You’ve been there before, you click a link or type in a URL, hit enter and you’re faced with a big, blank screen with three numbers, 404. It’s an undesirable, frustrating, and possibly confusing experience, which can often lead to closed pages and high bounce rates.
In this blog, we’ll give you the 101 on 404 pages, what they are, how they affect your SEO, and how to make the most of them. We’ll also be giving a few examples of our favourites from across the web.
What is a 404 page/error?
A 404 page is essentially a destination for all mistyped URLs, expired links and missing pages. The error is displayed when a website visitor has located the server, or site, but not the specific page. This will usually happen when there is an error in the second half of a url, after the main site domain name and a forward slash (/).
For example, if you went to our website, vidacreative.co.uk, and added a destination such as /blog to the end, you would find our blog section. But if you mistyped this, and entered /blgos instead, you’ll be redirected to a 404 page.
In the early days of the internet, there were rumours that the 404 page was named after the CERN server room, or office in which Tim Berners-Lee first conceptualised the World Wide Web.
Sadly, in reality the answer is much less whimsical: the initial 4 denotes a client-side error, meaning that the site is working fine, and the error is the fault of the site visitor. The 04 is simply indicating the error; 400 means “Bad Request”, 401 is “Unauthorised” and so on…
But how does this affect SEO?
Strictly speaking, a 404 page does not negatively, or positively impact your SEO Rankings. However, one of the main causes of 404 errors, broken links, can.
Say you had a blog that you decided was no longer relevant and you delete it from your website. Now wherever that blog is linked to, or wherever that blog link appears (on your site or elsewhere) there will be a broken or ‘dead’ link. When that link is used it will direct you to a 404 error.
Google’s web crawlers hate dead links, and if these are found on your site, it can negatively impact your SEO ranking, as well as your site user experience. On the other hand, if your blog removal breaks links on other sites, you could be missing out on precious, SEO boosting ‘link-juice’.
Making the most out of your 404 page.
Landing on a 404 page can be frustrating for site visitors, however, a well-designed 404 page will turn this negative experience into a positive one. There are a number of ways in which this could be done.
Link to Homepage
The most common element of any 404 page is a link to the site homepage.

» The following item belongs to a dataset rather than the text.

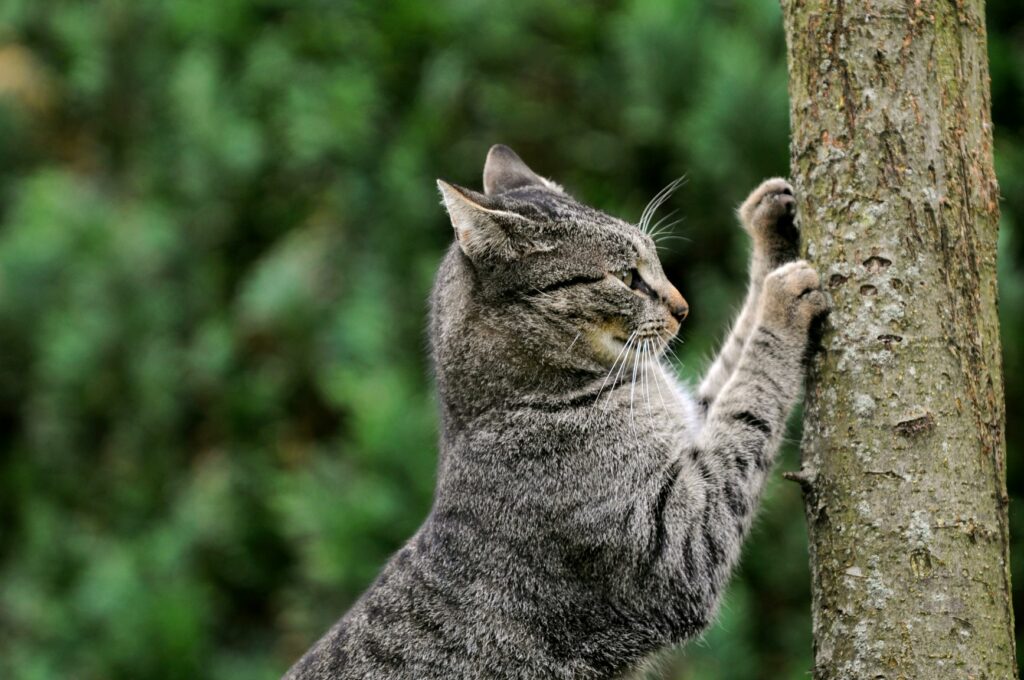 Katze kratzt am Baumstamm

This gives users another chance to find the page they are looking for, reducing bounce rates and increasing site session time.
This simple page from designer Craig Black gets the job done, with a simple link to the homepage.
Personalise your page
By keeping your 404 page ‘on-brand’, you can reassure visitors that they are in the right place, despite landing on the wrong page.
Marvel’s incredibly on-brand page is unmistakably Marvel, with references to the movies/comics keeping visitors entertained.
Add some humour
Humour can be a quick way to lessen the frustration of landing on a 404 page. Lighten the mood by making a joke of the situation, or use an image or gif to help your users see the funny side.
This animated 404 screen from Unsplash presents the visitor with a random gif, like this ketchup-calamity.
Make it interactive
When it comes to 404 pages, the possibilities are endless. If you have the budget (or coding skills) you can even implement an interactive display, which can turn a forgettable mistake into a memorable experience for site users.
This super fun interactive 404 page from figma lets you drag and reshape the 404 text to your heart’s desire.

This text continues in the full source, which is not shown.